Depois da assinatura da lei pela governadora Sarah Huckabee Sanders em abril, 49 dos 76 condados do estado promulgaram decretos limitando os níveis de ruído em centros de dados, incluindo operações de mineração de criptomoedas, antes que a lei entrasse em vigor em agosto, segundo a Associação dos Condados do Arkansas. A legalidade dessas portarias e a incapacidade dos governos locais de regular a indústria agora são centrais na luta entre os moradores e os operadores de bitcoins, com algumas autoridades eleitas que votaram a favor da lei estadual agora se opondo a ela.
“Não houve uma explicação sobre a natureza dessas minas de criptomoedas e como elas podem causar um ruído insuportável, sem consideração pelos vizinhos nem pela vida selvagem”, escreveu em um e-mail o deputado Jeremiah Moore, republicano cujo distrito inclui uma operação de bitcoins, acrescentando que o projeto de lei de mineração foi promovido de maneira desonesta para proteger uma indústria que criaria empregos e beneficiaria as comunidades vizinhas.
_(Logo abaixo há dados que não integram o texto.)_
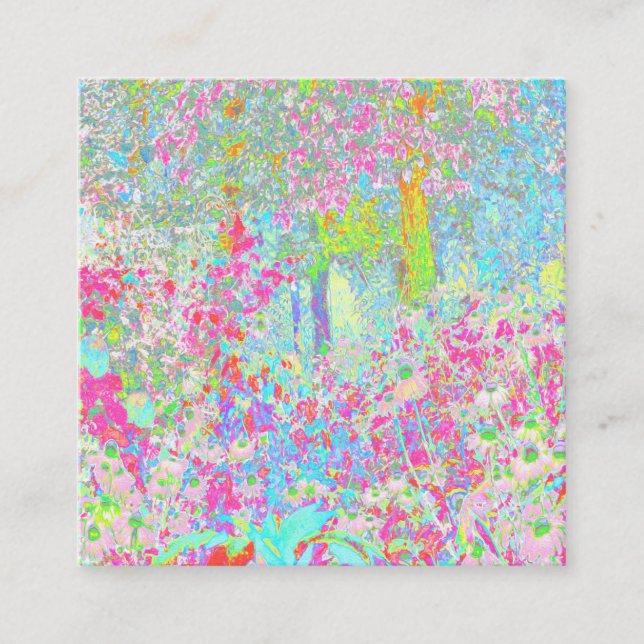 Aqua and Hot Pink Sunrise in My Rubio Garden Square Business Card (Front)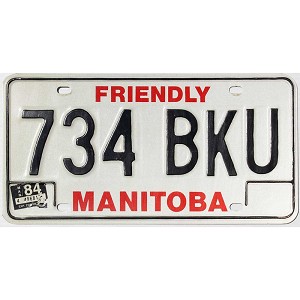 1984 Manitoba License Plate #734BKU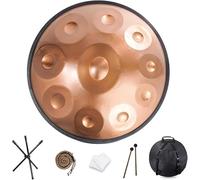 Handpan Drum Instrument, 9/10/12 Notes Steel Hand Drum Handpan Instrument with Carry Bag(Gold,9 Notes (440Hz))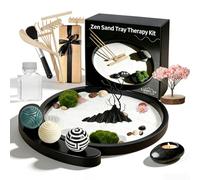 Kit de jardin zen pour bureau, décoration japonaise avec boules de timbre en forme de roche, plateaux décoratifs ronds, plateau de sable de relaxation sensorielle, outil thérapeutique, bac à sable de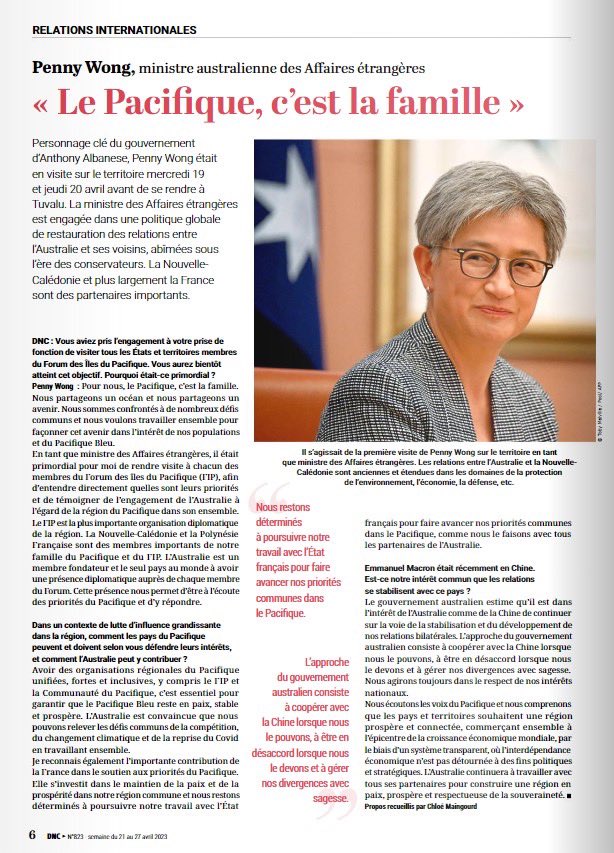 AusCGNoumea's tweet photo. Merci à @DemainDNC  pour cette interview de notre ministre @SenatorWong mettant en avant la relation entre l’Australie et les reste de la famille du Pacifique https://t.co/1aZhco9kp7 https://t.co/JgPDUVSJ8C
Recentemente, ele se juntou a vários outros legisladores para elaborar uma proposta de proibição estadual da mineração de criptomoedas em nível industrial.
O senador Joshua Bryant, republicano copatrocinador da legislação pró-mineração, declarou em entrevista que a lei visa proteger os direitos de propriedade dos mineradores de bitcoins e que acredita que grande parte da resistência é resultado de um sentimento antichinês equivocado.
Bryant disse que está explorando a possibilidade de uma lei sobre o ruído em todo o estado “para lidar com possíveis danos à saúde e à segurança dos cidadãos do estado” e que, “em última análise, temos de continuar descobrindo como conviver com nossos vizinhos”. O principal patrocinador da lei, o deputado Rick McClure, também republicano, não respondeu aos pedidos de comentário do “Times”.
Uma das principais apoiadoras da legislação foi a Cryptic Farms, empresa de mineração de bitcoins administrada por Cameron Baker, natural do Arkansas. Este afirmou que sua empresa não previu que “atores mal-intencionados” pudessem explorar a lei: “Não estava realmente em nosso radar que alguém viesse logo depois da aprovação desse projeto de lei e se apresentasse como um vilão perfeito que faz tudo errado.”
Tom Harford, executivo da Cryptic Farms que lidera o Conselho de Blockchain do Arkansas, grupo do setor, comentou que lamenta colocar os moradores numa posição “em que eles não têm recurso” e que “nenhuma lei é perfeita”.
Em Greenbrier, enquanto o processo continua, Anderson afirmou que ela e seus vizinhos têm lutado para pagar o advogado. Um evento de angariação de fundos em outubro uniu a comunidade, mas o valor arrecadado mal fez diferença em relação à dívida. Ainda assim, ela disse que, enquanto puderem pagar, vão continuar lutando contra a mina. “Não quero ser expulsa da minha casa.”